Tuesday, May 25, 2010

Nightmare...

It is hot so I am sleeping with no clothes on and the duvet is on the floor. This is not an attempt to paint an alluring picture. It is just a fact. Stay with it...

Sadly the little cat has recently got into the habit of waking me and the Missus up at 5am by dive-bombing the bed to demand food. Fortunately we have now become quite hardened to her demands so we can ignore her and sleep through.
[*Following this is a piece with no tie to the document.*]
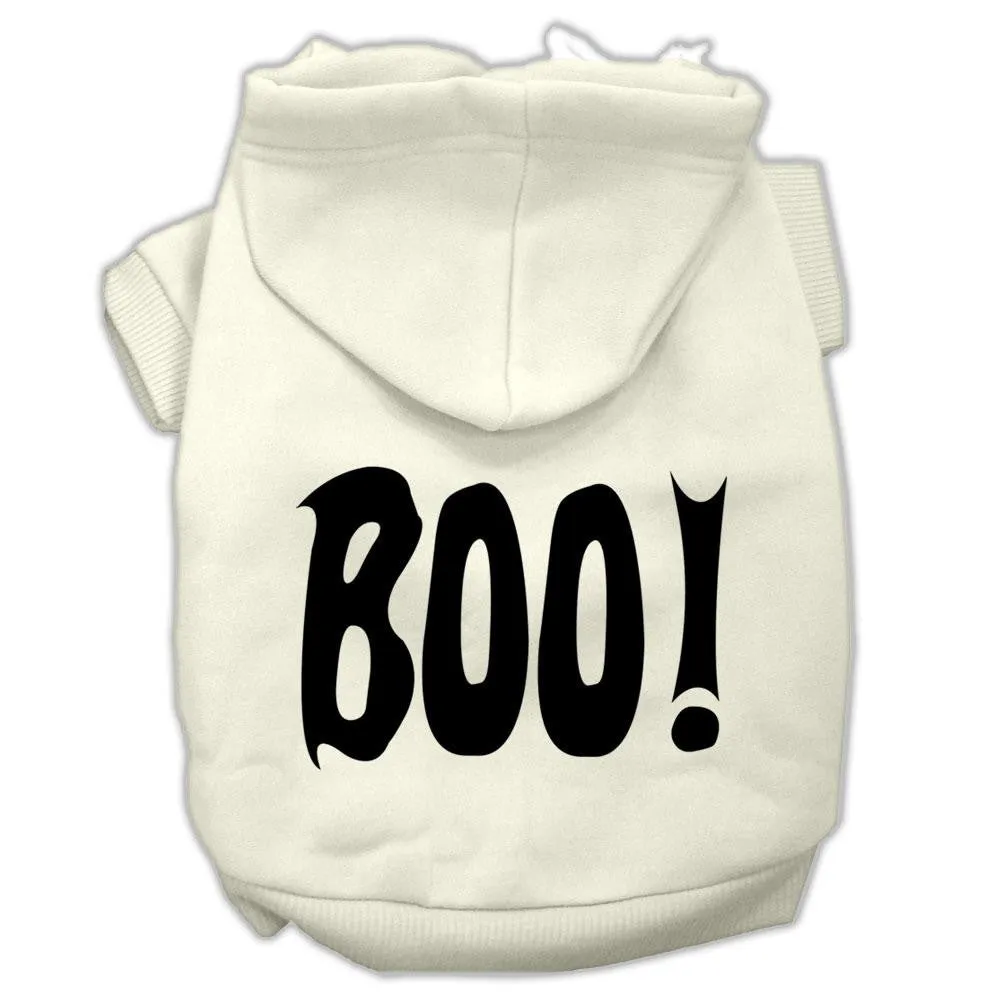 Boo! Screen Print Pet Hoodies Cream Size Sm (10)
Now the dive-bombing approach has failed, however, the cat's latest trick is scratch at one of my exposed bollocks until I wake up. Sadly she has yet to figure out that me screaming in pain is no way to guarantee her being fed. Or remaining alive.

Stupid cat. Poor bollock.

Thursday, May 20, 2010

Hotel Joke...

A vicar is booking into a hotel and says: 'I hope the porn channel in my room is disabled.'

'No. It's just normal porn like every room you sick f***er!' replies the receptionist.

Wednesday, May 19, 2010

Media Careers Advice: Part I...

Job description: chief sub-editor

Duties: Imagine you are a monkey in a zoo in a cage with other monkeys. As the opening time for the zoo approaches it is your job to tidy the cage but the other monkeys insist on throwing shit at each other and have now started eating their own shit and other people's shit too. It is your job to sort all this shit out and when the other monkeys sod off to sleep in the back of the cage you just end up standing there, covered in shit, being stared at by the visitors who want to know why you are covered in shit.
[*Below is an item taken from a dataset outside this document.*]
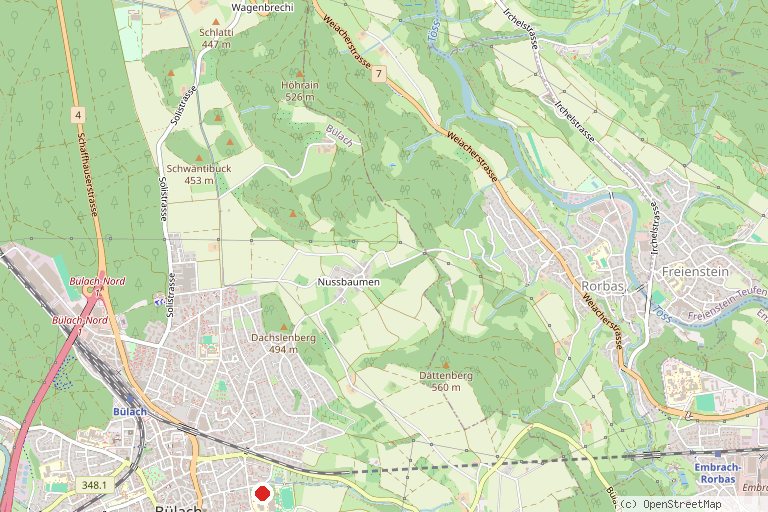 Karte mit der Lage von Planetenweg Bülach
You could explain it to them but you know it's pointless. After all they are visitors to a zoo and you are a monkey and they'd just never understand how the other monkeys can get so much pleasure out of throwing shit about and eating their own shit.

So you stand there, covered in shit, hoping it will be better tomorrow. But it won't be. Ever...
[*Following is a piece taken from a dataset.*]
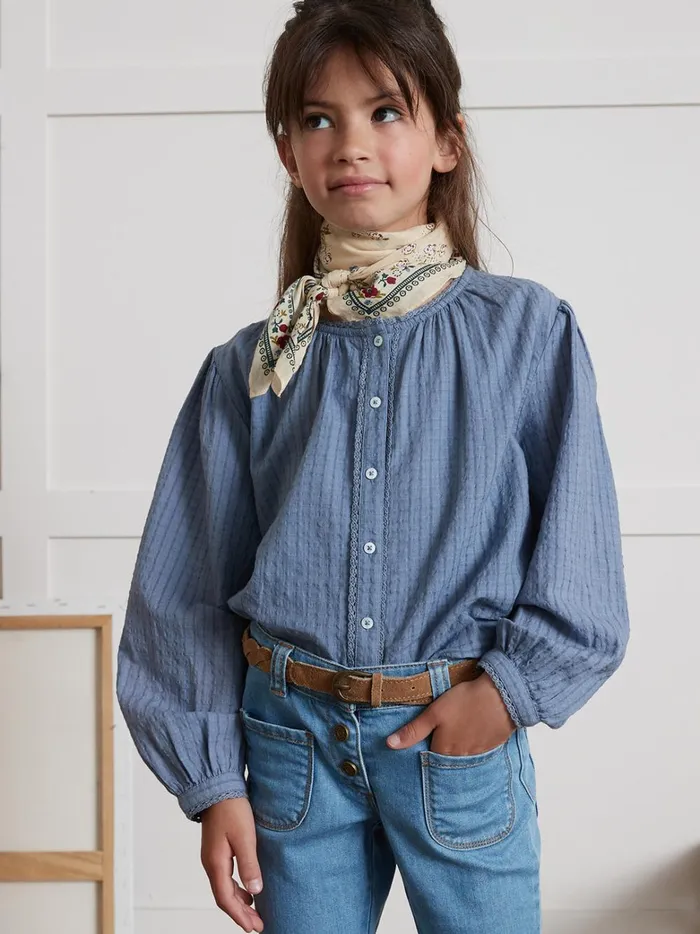 Girls Clothing Cyrillus Seersucker Shirt Orage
Salary: Probably not enough.

Wednesday, May 12, 2010

Pret A Manger...

I've just been into Pret A Manger and several of the serving girls are wearing caps with the logo 'Just roasted!'

That's surely not a good thing to advertise...

Monday, May 10, 2010

Statistics...

Apparently statistics show that only one in seven dwarves is happy.

Saturday, May 08, 2010

Back To Black...

I have learnt all the techniques for my black belt grading so now begins the real work to ensure they are all up to scratch so it's been training, training, training whenever I can. I am, however, struggling with the first set of the two sets of techniques I need to master to successfuly grade.

These are essentially attacking techniques where there is no momentum coming at you so you have to generate the momentum from your opponent who is in a standing position by utilising correct posture and maintaining a firm base while taking then disrupting your opponent's balance. And it's hard work.

When an oponent's momentum is coming towards you it's much easier to merge with it and redirect it because he's essentialy jeopardising his base to begin with. But when he's not it's much harder.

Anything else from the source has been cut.